There's a bit of excitement when the rumor spreads at the Union Gospel Mission that the evening meal might feature chicken or barbeque or tri-tip [The tri-tip rumor turned out to be a false one, spread by a prankster on staff]. Likewise, when the free lunches at Loaves & Fishes break from the ordinary that sparks discussion in Friendship Park.
A homeless adult Sacramentan will eat OK, just from the free meals that Loaves & Fishes and Union Gospel Mission* provide every day. There are many other places, as well, that provide food or distribute food to homeless or poor people in greater Sacramento. A broke Sacramento adult or child can find sustenance. It's out there.
One thing lacking in the central-Sacramento homeless diet is adequate servings of vegetables. While there is usually one vegetable with each meal at L&F and UGM, it is usually lettuce with thin shards of carrot, maybe a bit of cabbage, and dressing. Fresh fruit is commonly available, however. From recent meals, I've had bananas, mangos and strawberry-peach compote at UGM and oranges, peaches and plums in L&F's diningroom.
Loaves and Fishes gathers a huge assortment of desserts and pastries that visitors to Friendship Park there enjoy with their coffee in the morning. [It's more than a guess that these are day-old, or expired, baked goods from Safeway or local bakeries.] UGM serves its sheltered men breakfasts of eggs, sausages and toast and/or the really big muffins that I've seen on sale at Raley's. [Poppyseed, corn, chocolate and blueberry comprise the usual selection of muffins.] Also, the desserts with the UGM evening meal are usually excellent. Usually they serve cake or pies from bakeries that didn't sell when they were optimally fresh.
In addition to all the food I've described, many homeless -- including me -- receive food stamps they can use through a special ATM card that the Department of Human Assistance makes available to eligible adults.
Use of these food credits is very restricted -- no tobacco or alcohol can be purchase with them, of course, for example. And with their use comes an exemption from any sales tax.
A person can use food stamps to buy unprepared food, but not restaurant or otherwise-prepared food -- which creates some ironies. One thing you cannot buy at convenience stores is hot coffee, but you can buy a cold $2.79 bottle of Starbucks Frappachino there. You can't buy a one-dollar McDonald's double-cheeseburger, but you can buy a three-dollar packaged ham-and-chedder sandwich at Rite Aid. You can buy a packaged, prepared salad at Safeway or Trader Joe's, but not something similar at Wendy's.
Also, a bit of a curiosity is that homeless people cannot make use of those fake grocery-card club discounts. Without a home, you can't complete the club membership application so you can't get the generous discounts that come with most items.

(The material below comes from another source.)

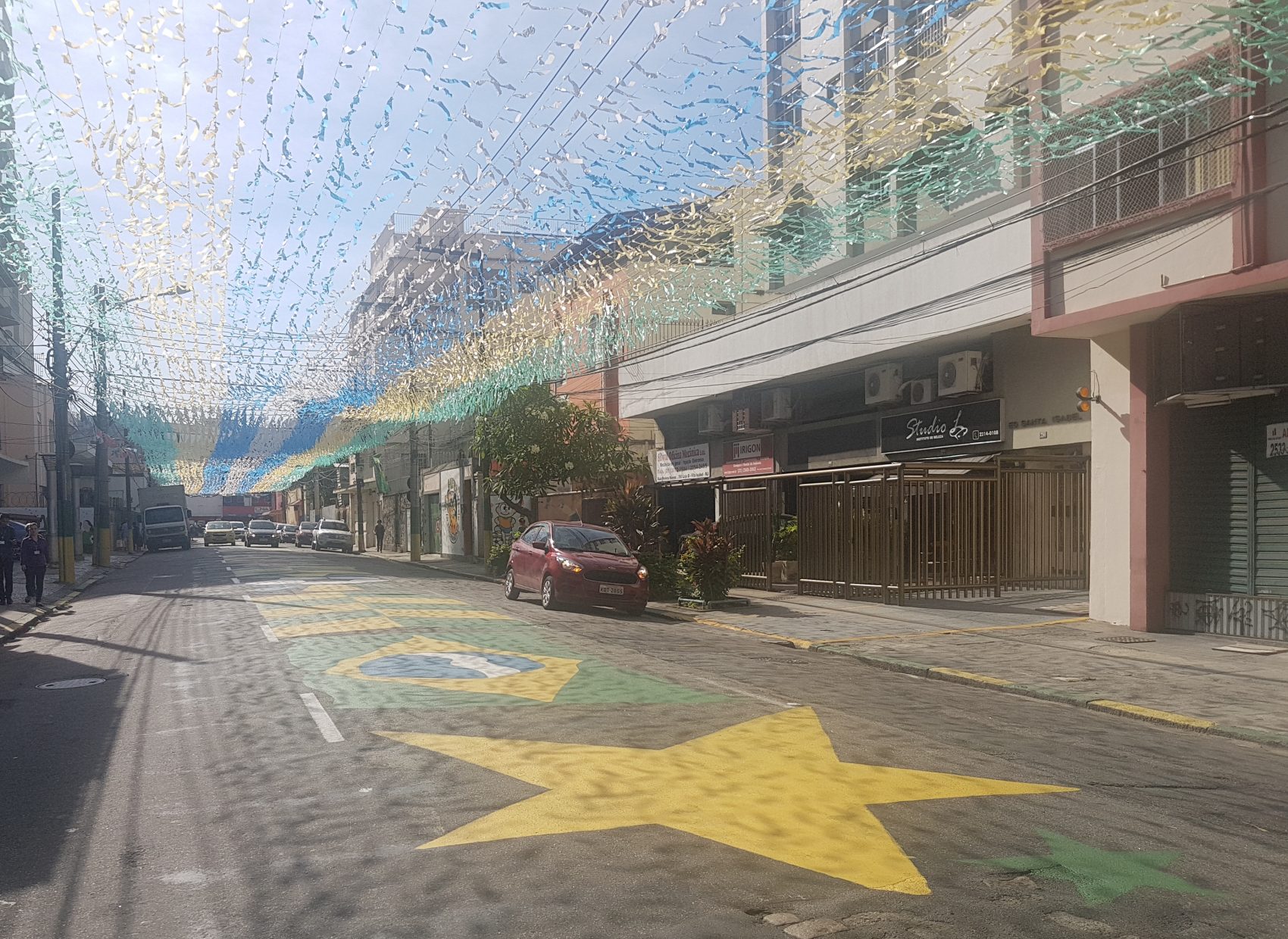 A rua Pereira Nunes no período pré-Copa (Foto Oscar Valporto)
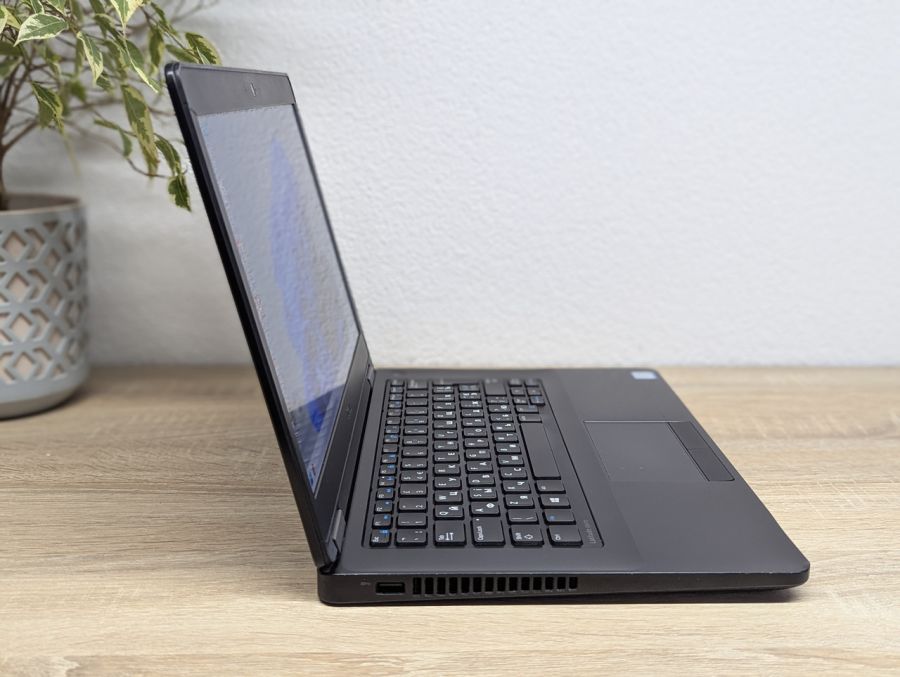 Уцінка! Ноутбук Б/В Dell Latitude E5470, Intel Core i5-6300U, DDR4 8 GB, SSD 128GB, 14" Full HD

Being homeless, we often find food given to us is past its expiration date. [This is often safe. Properly refrigerated milk should last five to seven day past it date before becoming blinky.] L&F has given us bottles of Gatoraid nearly a year past the expiration date. [Was the date a misprint and is that why the bottles were not saleable? or does a very old bottle of Gatoraid merely lose some of its oomph yet remain safely drinkable? or should the item not be consumed!?] Similarly, at UGM, we recently got small bags of potato chips two months past their expiration date; they were noticably stale, but still enjoyable.
O, to be homeless. And to dream of pizza, made to order, with mounds of stuff, piled high.
* The mission provides a meal to any adults who attend their evening church service. Men who are staying in the mission's shelter also get breakfast the following morning. Loaves & Fishes serves lunch every day of the year except Thanksgiving Day.